UK tight-gas development in southern North Sea offers basin extended life

Aug. 7, 2017
Despite the region's maturity, a range of companies continue to explore in the UKCS, taking advantage of the low cost of drilling following the oil price downturn.

Tayvis Dunnahoe
Exploration Editor

Despite the region's maturity, a range of companies continue to explore in the UKCS, taking advantage of the low cost of drilling following the oil price downturn. Tight-gas reservoirs in the basin contain an estimated 3.8 tcf of natural gas, according to a recent report from UK Oil & Gas Authority (OGA). Exploration in the legacy region remains attractive as successful discoveries can be developed via existing platforms.

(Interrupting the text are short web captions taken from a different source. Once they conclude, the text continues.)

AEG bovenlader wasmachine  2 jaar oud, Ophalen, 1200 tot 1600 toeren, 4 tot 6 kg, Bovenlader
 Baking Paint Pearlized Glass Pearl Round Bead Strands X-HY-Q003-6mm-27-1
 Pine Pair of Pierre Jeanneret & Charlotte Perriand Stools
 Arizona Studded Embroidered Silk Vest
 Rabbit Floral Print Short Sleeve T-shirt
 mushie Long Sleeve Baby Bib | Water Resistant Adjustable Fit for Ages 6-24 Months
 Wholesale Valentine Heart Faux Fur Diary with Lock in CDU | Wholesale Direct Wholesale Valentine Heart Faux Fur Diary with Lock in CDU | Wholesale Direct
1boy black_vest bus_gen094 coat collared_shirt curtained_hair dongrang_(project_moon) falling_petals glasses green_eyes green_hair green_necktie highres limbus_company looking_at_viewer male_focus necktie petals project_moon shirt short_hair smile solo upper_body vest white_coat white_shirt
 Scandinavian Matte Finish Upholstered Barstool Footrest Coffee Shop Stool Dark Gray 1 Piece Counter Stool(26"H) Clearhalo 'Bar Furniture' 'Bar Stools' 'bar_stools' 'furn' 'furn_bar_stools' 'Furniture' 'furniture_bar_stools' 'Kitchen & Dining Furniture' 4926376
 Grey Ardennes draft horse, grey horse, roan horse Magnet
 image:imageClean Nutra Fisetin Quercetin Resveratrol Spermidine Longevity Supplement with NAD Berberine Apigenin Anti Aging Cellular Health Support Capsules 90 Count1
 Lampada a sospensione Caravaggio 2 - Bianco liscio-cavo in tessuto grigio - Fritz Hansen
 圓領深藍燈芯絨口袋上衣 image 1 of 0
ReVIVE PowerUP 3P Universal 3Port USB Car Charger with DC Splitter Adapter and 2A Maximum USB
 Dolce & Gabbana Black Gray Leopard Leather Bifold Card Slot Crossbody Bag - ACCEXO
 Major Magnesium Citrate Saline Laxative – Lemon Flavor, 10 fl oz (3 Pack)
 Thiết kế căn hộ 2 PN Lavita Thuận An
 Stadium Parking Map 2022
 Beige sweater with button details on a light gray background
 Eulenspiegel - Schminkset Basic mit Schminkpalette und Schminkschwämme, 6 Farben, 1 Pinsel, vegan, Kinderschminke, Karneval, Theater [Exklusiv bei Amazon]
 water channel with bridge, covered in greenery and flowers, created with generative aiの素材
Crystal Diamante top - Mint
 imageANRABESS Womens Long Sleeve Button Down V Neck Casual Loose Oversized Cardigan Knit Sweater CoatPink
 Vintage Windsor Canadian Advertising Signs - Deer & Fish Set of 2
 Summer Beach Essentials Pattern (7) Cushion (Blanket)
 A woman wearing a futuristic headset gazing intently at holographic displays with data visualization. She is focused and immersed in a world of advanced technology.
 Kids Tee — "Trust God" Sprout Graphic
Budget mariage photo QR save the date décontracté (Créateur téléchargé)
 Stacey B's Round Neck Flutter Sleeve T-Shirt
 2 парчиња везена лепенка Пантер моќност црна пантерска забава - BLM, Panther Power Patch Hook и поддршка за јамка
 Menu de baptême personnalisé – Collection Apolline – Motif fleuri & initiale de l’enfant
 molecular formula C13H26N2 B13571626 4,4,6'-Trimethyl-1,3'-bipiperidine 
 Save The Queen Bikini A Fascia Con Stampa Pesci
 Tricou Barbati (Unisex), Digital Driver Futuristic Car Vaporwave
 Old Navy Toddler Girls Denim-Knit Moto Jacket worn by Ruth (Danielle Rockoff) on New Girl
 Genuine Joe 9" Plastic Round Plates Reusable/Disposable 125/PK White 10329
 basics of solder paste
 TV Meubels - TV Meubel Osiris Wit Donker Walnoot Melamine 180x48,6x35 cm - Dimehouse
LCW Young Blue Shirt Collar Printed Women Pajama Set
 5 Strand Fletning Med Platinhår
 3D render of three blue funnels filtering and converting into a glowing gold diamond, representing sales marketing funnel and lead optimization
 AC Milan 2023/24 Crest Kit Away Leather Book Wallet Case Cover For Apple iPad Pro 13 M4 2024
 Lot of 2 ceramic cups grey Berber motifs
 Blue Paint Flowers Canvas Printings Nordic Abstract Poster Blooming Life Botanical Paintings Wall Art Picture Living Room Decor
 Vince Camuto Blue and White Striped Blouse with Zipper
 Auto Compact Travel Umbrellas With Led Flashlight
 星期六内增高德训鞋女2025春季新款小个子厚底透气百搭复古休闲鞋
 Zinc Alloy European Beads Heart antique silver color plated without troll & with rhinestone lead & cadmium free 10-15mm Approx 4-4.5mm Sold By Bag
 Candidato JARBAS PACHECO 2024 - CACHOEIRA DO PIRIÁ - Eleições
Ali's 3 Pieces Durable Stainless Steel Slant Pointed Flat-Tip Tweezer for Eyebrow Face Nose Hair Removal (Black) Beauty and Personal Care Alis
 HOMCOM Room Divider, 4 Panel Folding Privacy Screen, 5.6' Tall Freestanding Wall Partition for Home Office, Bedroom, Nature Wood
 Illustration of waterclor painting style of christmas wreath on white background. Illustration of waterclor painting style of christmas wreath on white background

Technological advances including a combination of horizontal drilling and reservoir stimulation also have enabled operators to exploit tight gas reservoirs, many of which were considered non-commercial at the time of discovery. The southern North Sea has tight-gas fields already onstream, existing discoveries, and some yet to find resources.

Tight-gas strategy

The southern North Sea basin has produced 40 tcf of gas since 1967. The basin produces about 1.3 bcfd using associated infrastructure, offshore compression hubs, export pipelines, and onshore terminals.

Oil & Gas UK commissioned a joint industry project in 2015 to better understand the southern North Sea's remaining potential. The volume of tight gas remaining within or near historic producing fields was a key finding of the study.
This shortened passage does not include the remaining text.